9 novembre 1989

Il crollo del muro di Berlino e la fine della Guerra Fredda
 

Si celebra quest’anno il trentesimo anniversario del crollo del muro di Berlino, il simbolo più odioso della cortina di ferro che divise l’Europa in due blocchi e l’immagine più rappresentativa della guerra fredda che contrappose per più di quaranta anni gli Stati Uniti e l’Unione Sovietica.  
La sera del 9 novembre 1989 un funzionario della RDT, Günther Schabowski, rispondendo a una domanda del corrispondente italiano dell’ANSA, annunciò, in maniera estemporanea, che le misure decise dal regime della Germania dell’Est per facilitare i viaggi dei cittadini avevano effetto immediato. La notizia, grazie alla televisione, circolò immediatamente e la sera stessa decine di migliaia di berlinesi si diressero festanti verso il muro per oltrepassare i posti di frontiera e dirigersi a Berlino Ovest, superando il confine che aveva diviso la città in due parti non comunicanti dal 1961 e che era costato la vita a centinaia di persone, che avevano cercato invano di fuggire da Berlino Est.
Il 9 Novembre 1989 è così diventato il simbolo della fine della Guerra Fredda, della vittoria degli Stati Uniti sull’Unione Sovietica, dell’ordine liberale su quello socialista, della fine dei regimi comunisti in Europa orientale, ma è stato anche l’inizio di una rivoluzione che ha portato alla riunificazione della Germania e all’implosione dell’URSS, trasformando radicalmente gli equilibri europei.
In realtà il crollo del muro di Berlino è stato solo il culmine di un processo molto più lungo, che si sviluppò tra la seconda metà degli anni Ottanta, dopo l’arrivo di Mikhail Gorbačëv alla segreteria del PCUS e il 1991, anno della dissoluzione dell’Unione Sovietica, le cui radici possono essere fatte risalire ai grandi mutamenti degli anni Settanta, quando la distensione tra Est e Ovest, aumentò gli scambi economici e commerciali tra le due parti d’Europa e promosse la formazione di reti di dissidenti, che contestavano il carattere fortemente repressivo dei regimi comunisti che governavano i paesi dell’Europa orientale.
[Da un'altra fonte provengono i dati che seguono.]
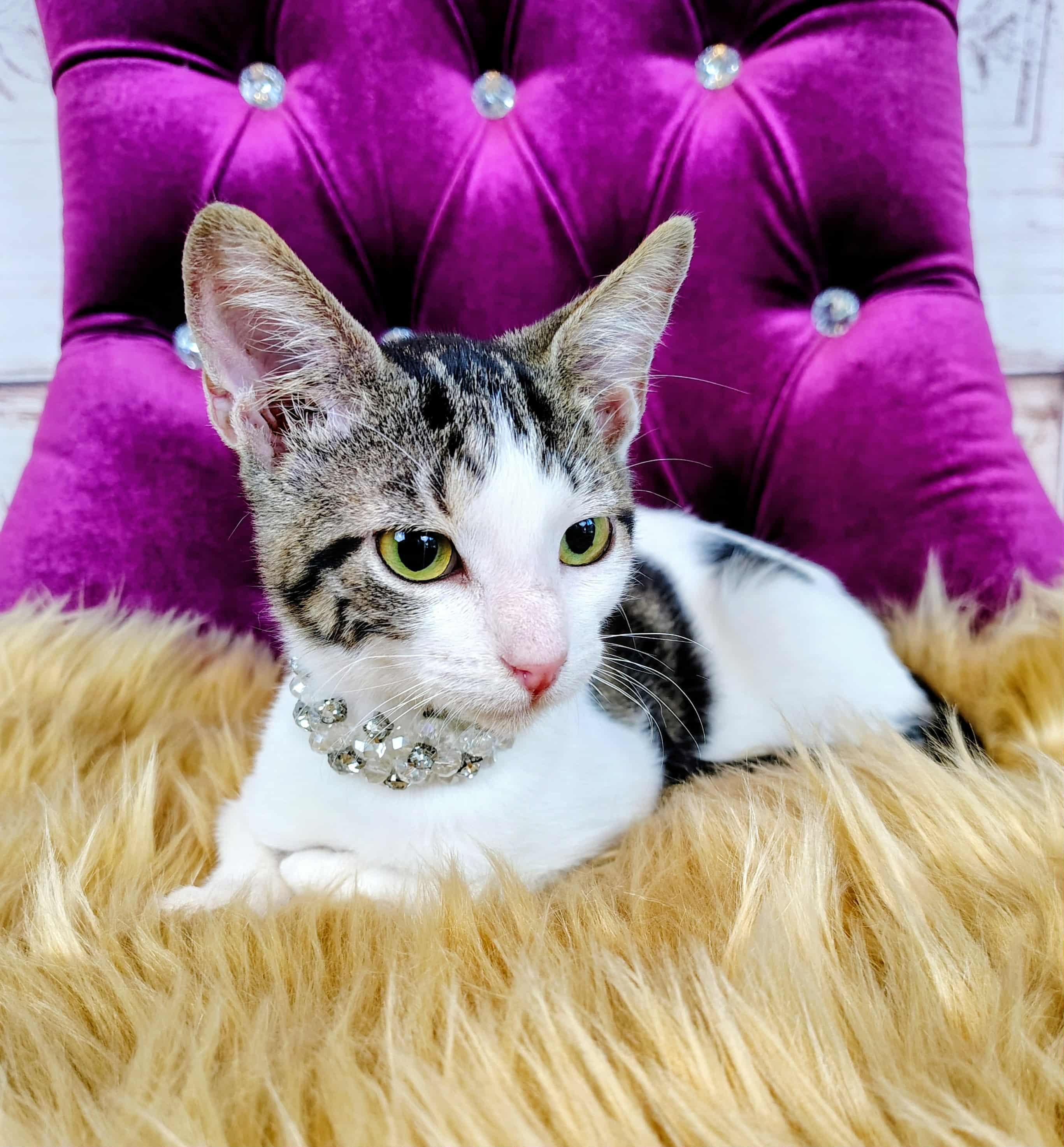 Enlarge Charlie, a Adoptable Domestic Short Hair in Webster, TX image 3/6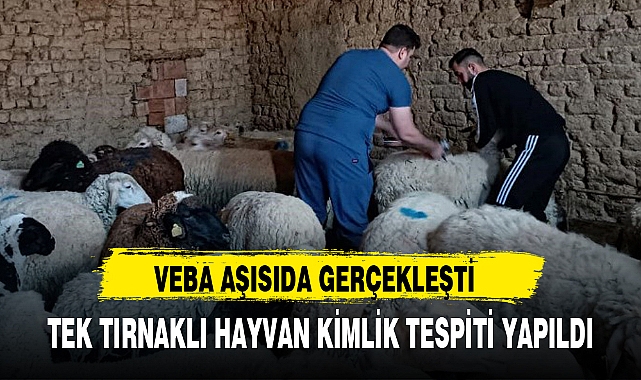 TEK TIRNAKLI HAYVAN KİMLİK TESPİTİ YAPILDI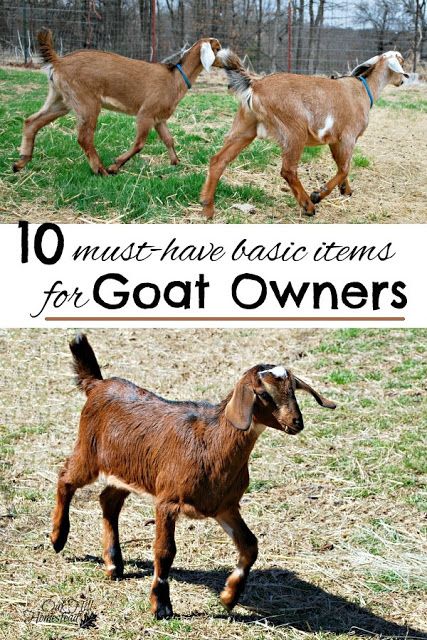 Ten must-have basic equipment items for goat owners - what you need when you bring home your first goats. Goat Houses Shelters, Goat Pen Ideas, Goats For Beginners, Goat Shelters, Balcony Boho, Balcony Vintage, Rustic Balcony, Vintage Balcony, Goat Milking Stand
Tra i protagonisti che resero possibile la fine della guerra fredda, va sicuramente ricordato il segretario del PCUS Mikhail Gorbačëv, che tentò coraggiosamente, ma senza successo, di riformare il sistema politico ed economico dell’Unione Sovietica, grazie alla perestroika e alla glasnost. La perdurante inefficienza dell’economia sovietica, incapace di competere con quella tecnologicamente più avanzata degli Stati Uniti di Ronald Reagan e prosciugata dalla lunga guerra in Afghanistan, accelerò la fine dell’URSS.  
Il grande merito di Gorbačëv è stato quello di accettare pacificamente le rivoluzioni di velluto nei paesi dell’Europa orientale, rinunciando alla dottrina della sovranità limitata e acconsentendo alla formazione di regimi democratici in Polonia, in Ungheria, in Cecoslovacchia e nella Germania dell’Est, senza inviare i carri armati, evitando così qualsiasi spargimento di sangue, come invece era successo a Berlino nel 1953, a Budapest nel 1956 e a Praga nel 1968. Mosca rinunciava al suo impero, perché non riusciva più a sostenerne gli oneri.
Il regime della Germania dell’Est era stato il più restio ad accettare i cambiamenti in atto negli altri paesi dell’Europa orientale, ma la decisione del governo ungherese di aprire le frontiere con l’Austria nell’estate del 1989 provocando il deflusso di migliaia di tedeschi orientali, le manifestazioni di protesta scoppiate nelle principali città tedesche e la visita di Gorbačëv in ottobre, quando dichiarò profeticamente “la storia punisce chi arriva tardi”, segnarono la fine del regime di Honecker, aprendo la strada ai rivoluzionari cambiamenti del 9 novembre 1989.